*Task details:*
An exact transcription of every entry is required, with the images left out.

Crawled caption data:
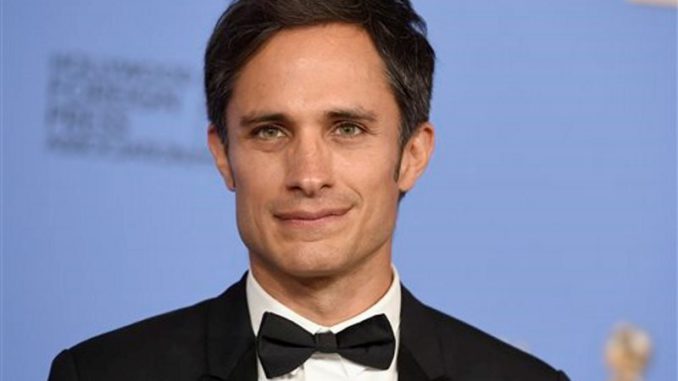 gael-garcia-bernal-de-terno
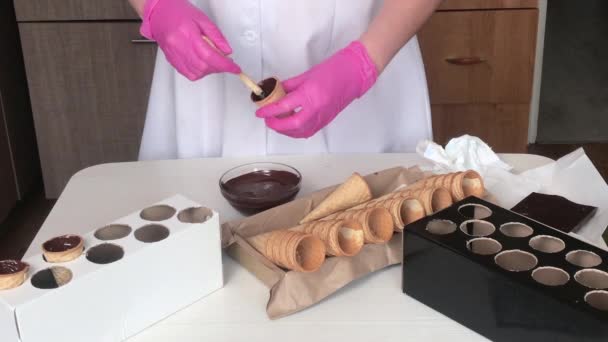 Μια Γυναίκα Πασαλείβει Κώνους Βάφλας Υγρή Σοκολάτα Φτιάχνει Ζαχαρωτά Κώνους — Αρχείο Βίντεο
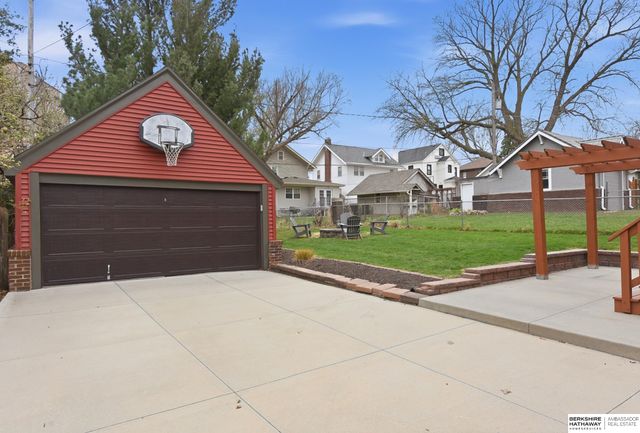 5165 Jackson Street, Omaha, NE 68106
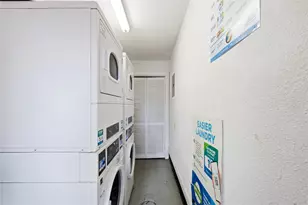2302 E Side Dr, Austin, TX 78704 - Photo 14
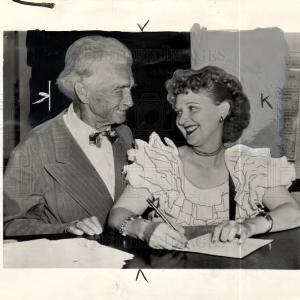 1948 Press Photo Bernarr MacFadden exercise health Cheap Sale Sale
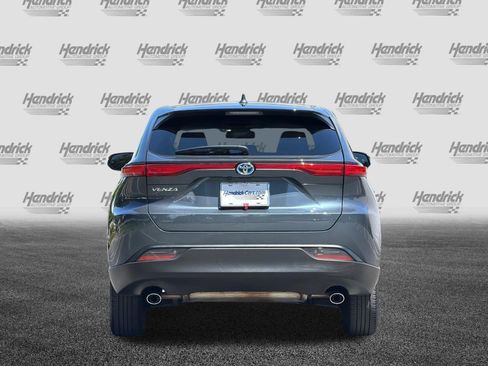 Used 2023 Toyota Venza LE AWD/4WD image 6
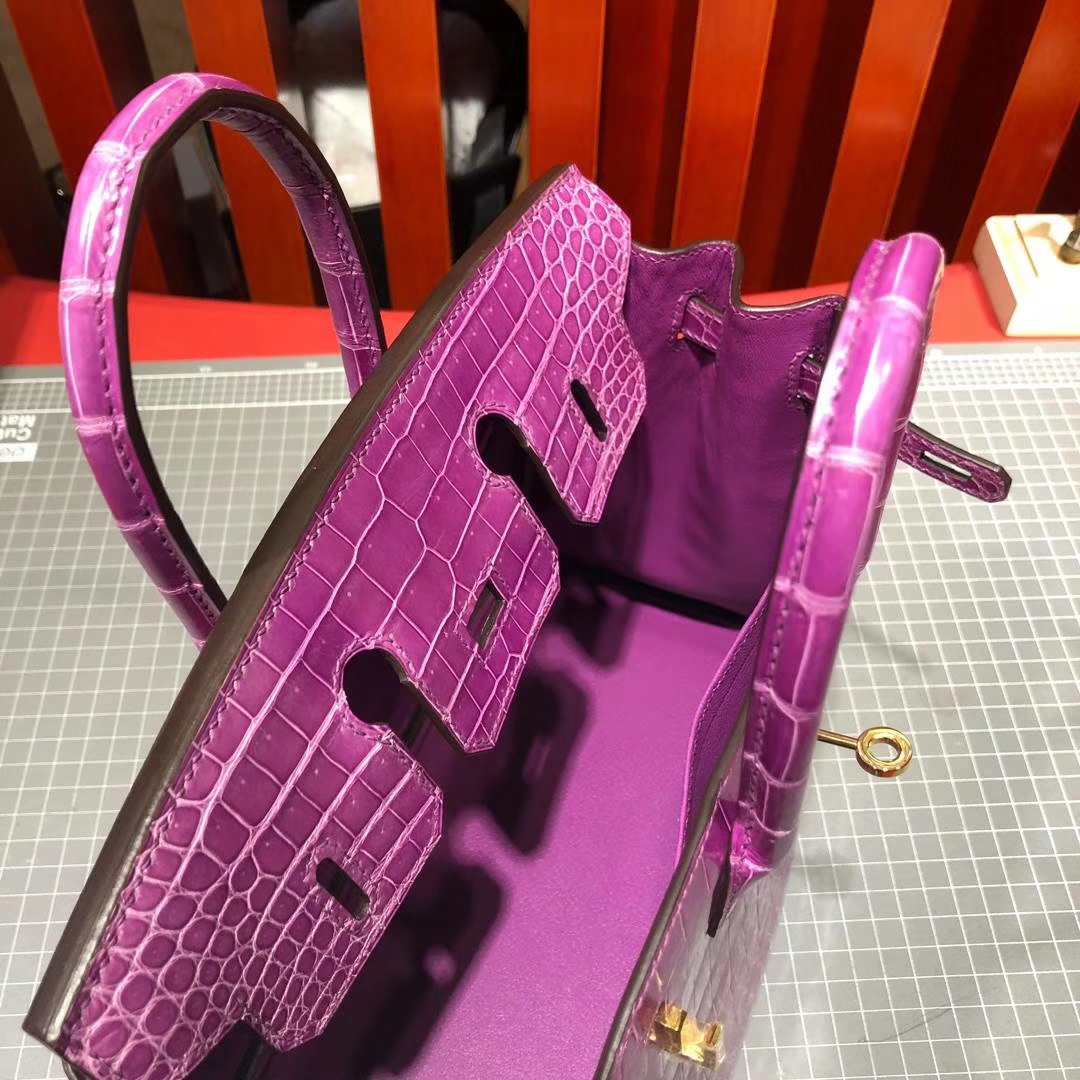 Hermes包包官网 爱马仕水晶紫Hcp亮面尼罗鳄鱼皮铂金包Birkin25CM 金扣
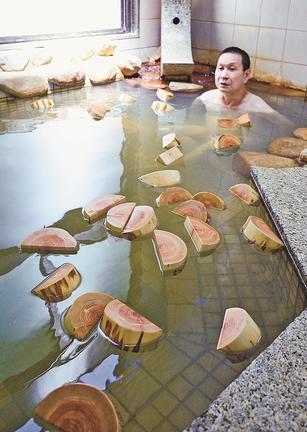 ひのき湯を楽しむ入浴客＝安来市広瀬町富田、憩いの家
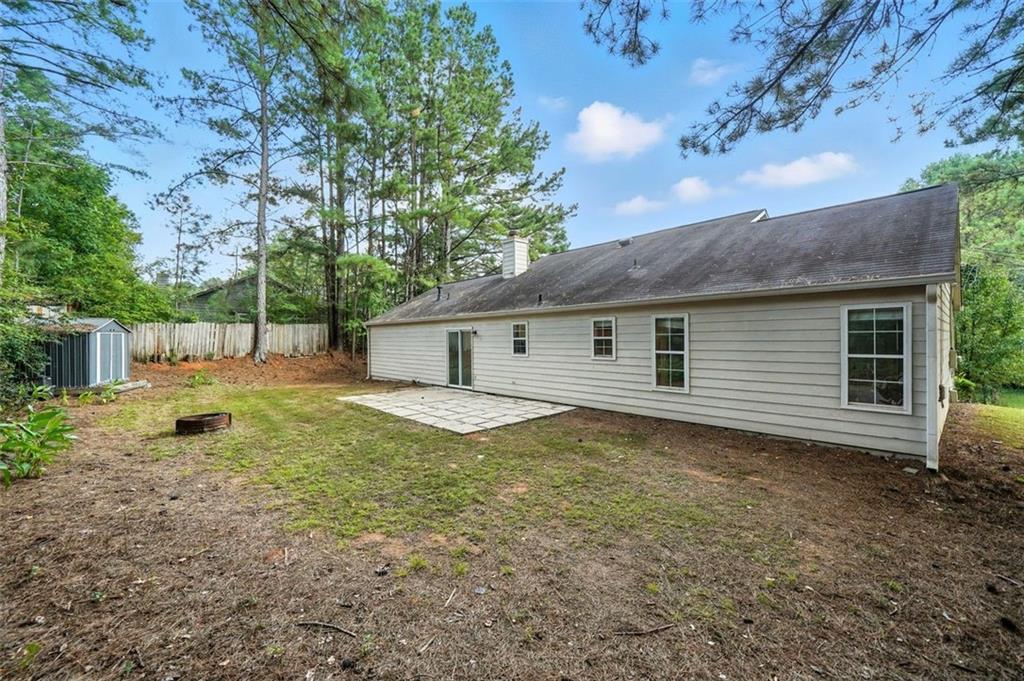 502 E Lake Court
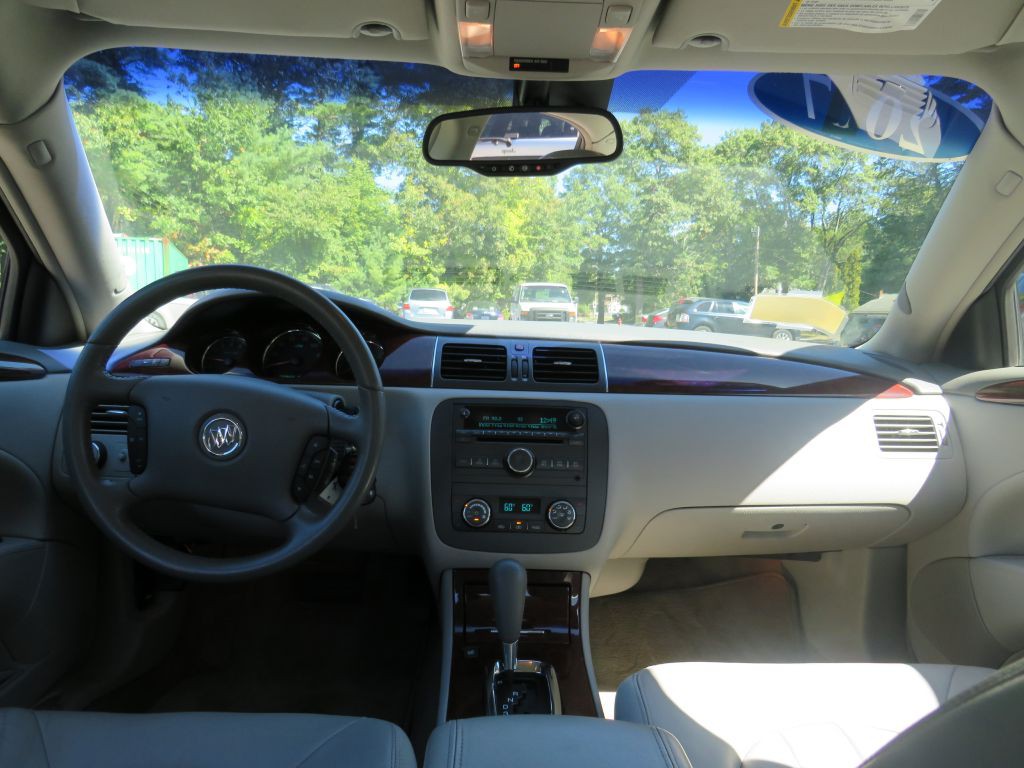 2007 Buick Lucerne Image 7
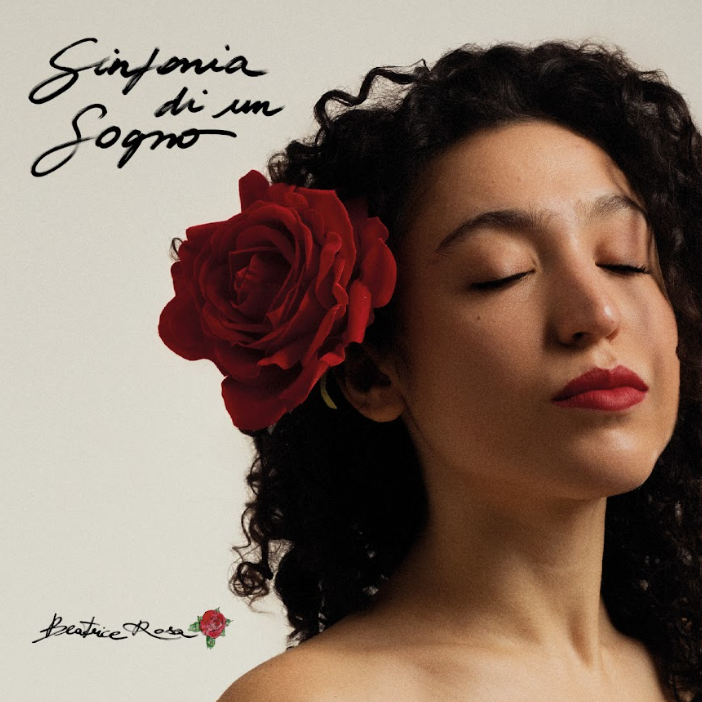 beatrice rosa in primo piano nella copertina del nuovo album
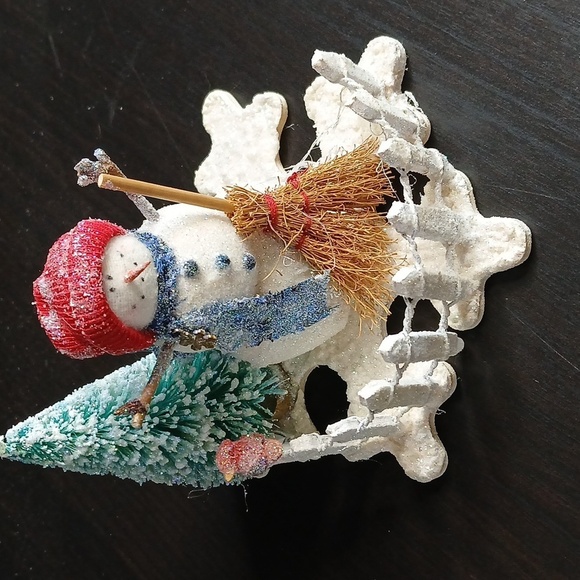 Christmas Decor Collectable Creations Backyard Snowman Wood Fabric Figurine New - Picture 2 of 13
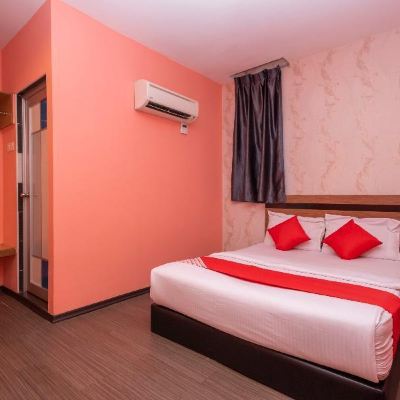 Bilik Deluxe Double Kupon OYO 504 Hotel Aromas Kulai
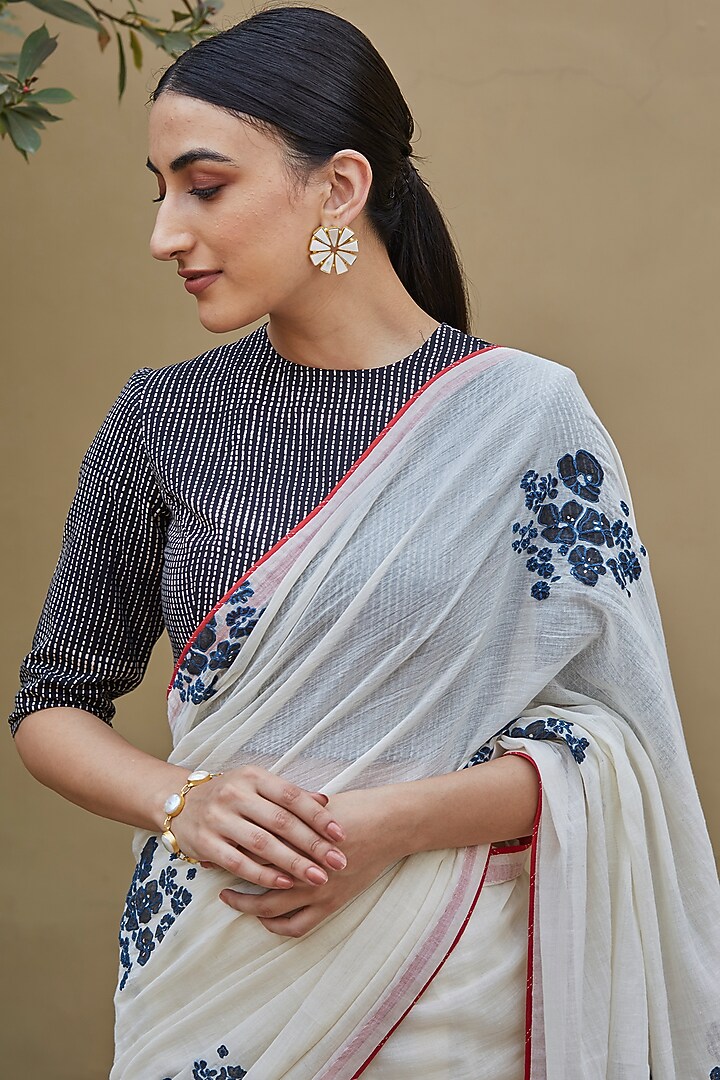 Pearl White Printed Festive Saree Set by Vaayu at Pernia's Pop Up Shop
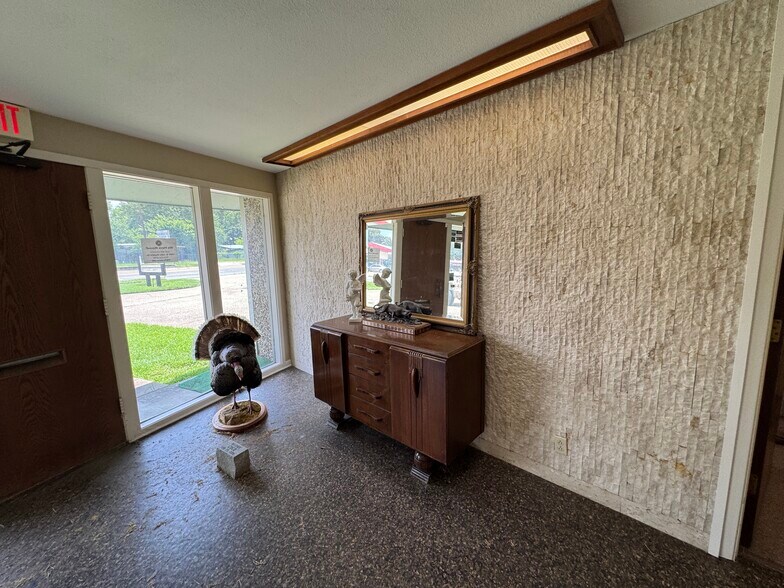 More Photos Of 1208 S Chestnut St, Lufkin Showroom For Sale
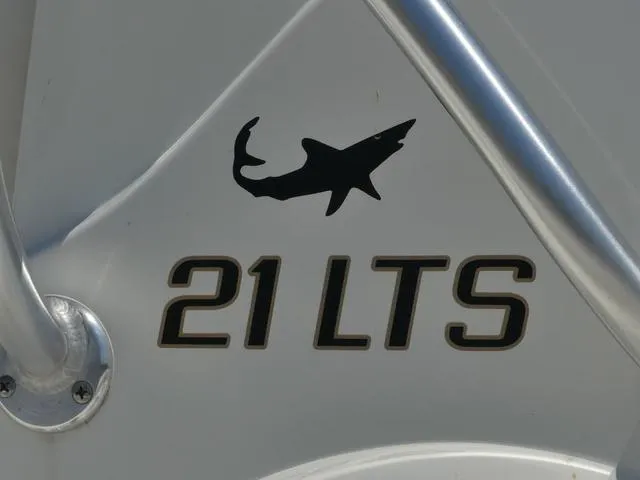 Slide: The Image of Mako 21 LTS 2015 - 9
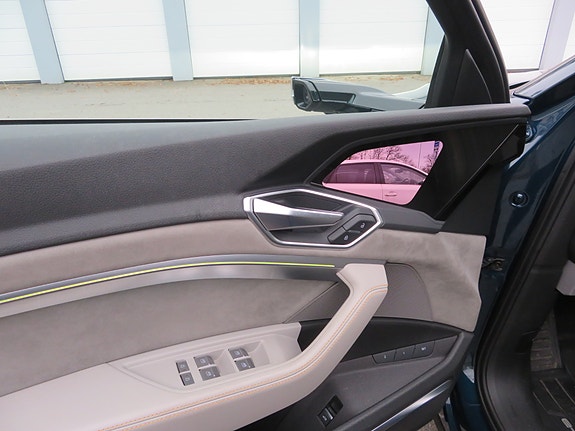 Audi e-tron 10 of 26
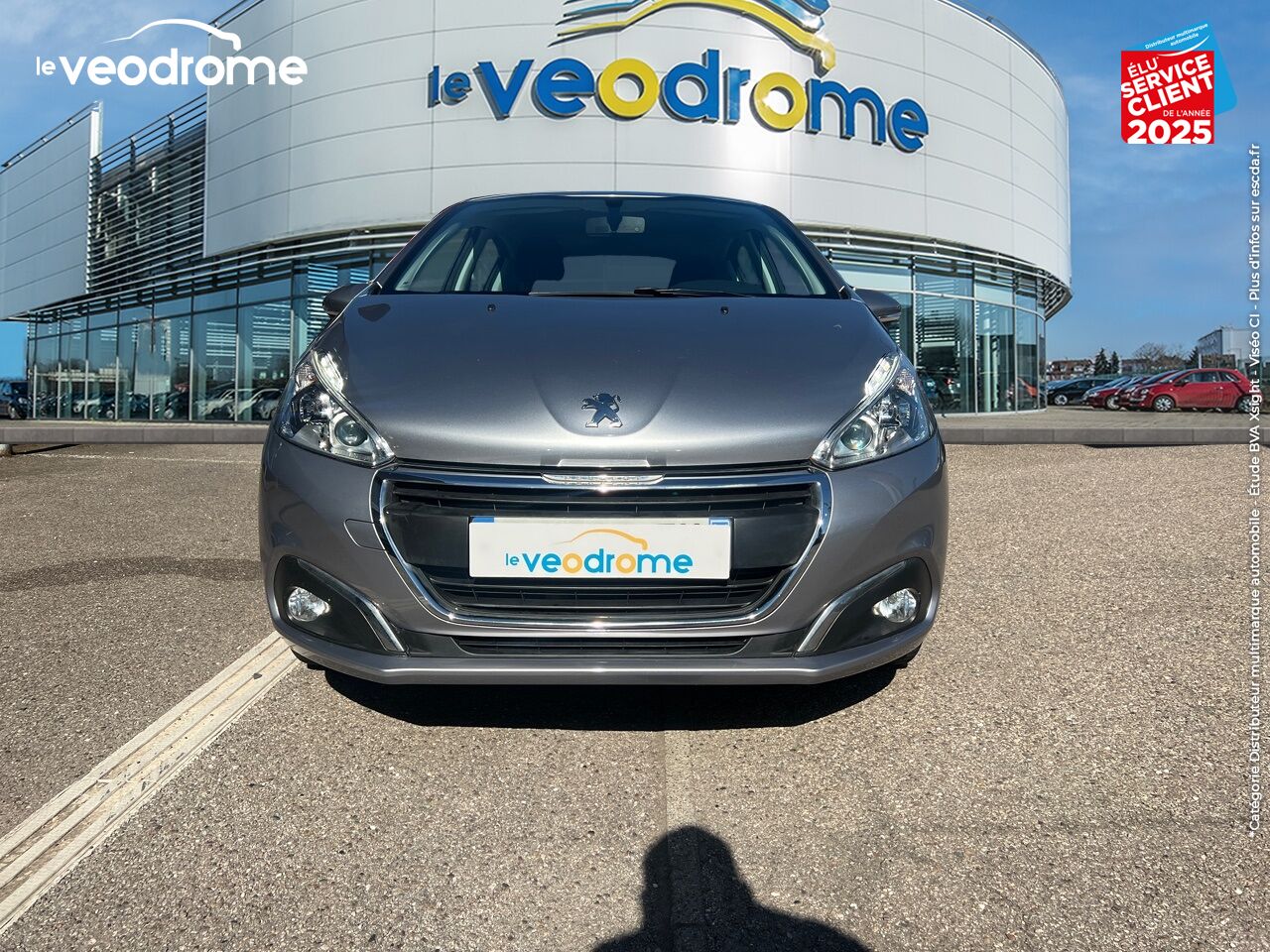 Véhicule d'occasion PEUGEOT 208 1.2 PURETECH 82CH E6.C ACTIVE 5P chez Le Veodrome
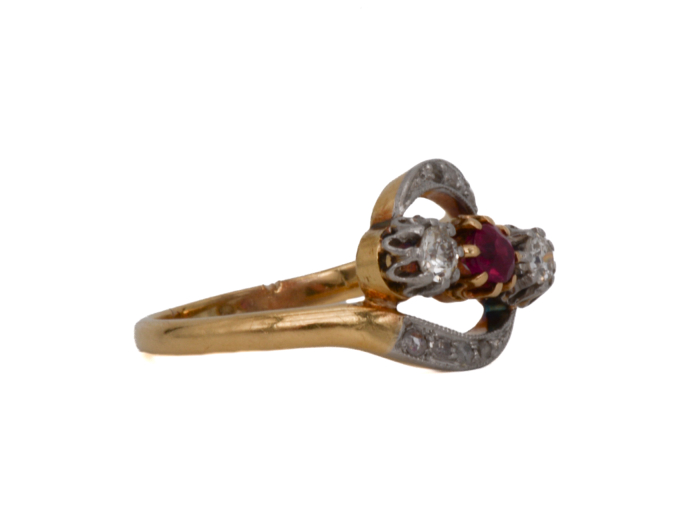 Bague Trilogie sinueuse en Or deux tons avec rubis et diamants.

*Reply:*
 gael-garcia-bernal-de-terno
 Μια Γυναίκα Πασαλείβει Κώνους Βάφλας Υγρή Σοκολάτα Φτιάχνει Ζαχαρωτά Κώνους — Αρχείο Βίντεο
 5165 Jackson Street, Omaha, NE 68106
2302 E Side Dr, Austin, TX 78704 - Photo 14
 1948 Press Photo Bernarr MacFadden exercise health Cheap Sale Sale
 Used 2023 Toyota Venza LE AWD/4WD image 6
 Hermes包包官网 爱马仕水晶紫Hcp亮面尼罗鳄鱼皮铂金包Birkin25CM 金扣
 ひのき湯を楽しむ入浴客＝安来市広瀬町富田、憩いの家
 502 E Lake Court
 2007 Buick Lucerne Image 7
 beatrice rosa in primo piano nella copertina del nuovo album
 Christmas Decor Collectable Creations Backyard Snowman Wood Fabric Figurine New - Picture 2 of 13
 Bilik Deluxe Double Kupon OYO 504 Hotel Aromas Kulai
 Pearl White Printed Festive Saree Set by Vaayu at Pernia's Pop Up Shop
 More Photos Of 1208 S Chestnut St, Lufkin Showroom For Sale
 Slide: The Image of Mako 21 LTS 2015 - 9
 Audi e-tron 10 of 26
 Véhicule d'occasion PEUGEOT 208 1.2 PURETECH 82CH E6.C ACTIVE 5P chez Le Veodrome
 Bague Trilogie sinueuse en Or deux tons avec rubis et diamants.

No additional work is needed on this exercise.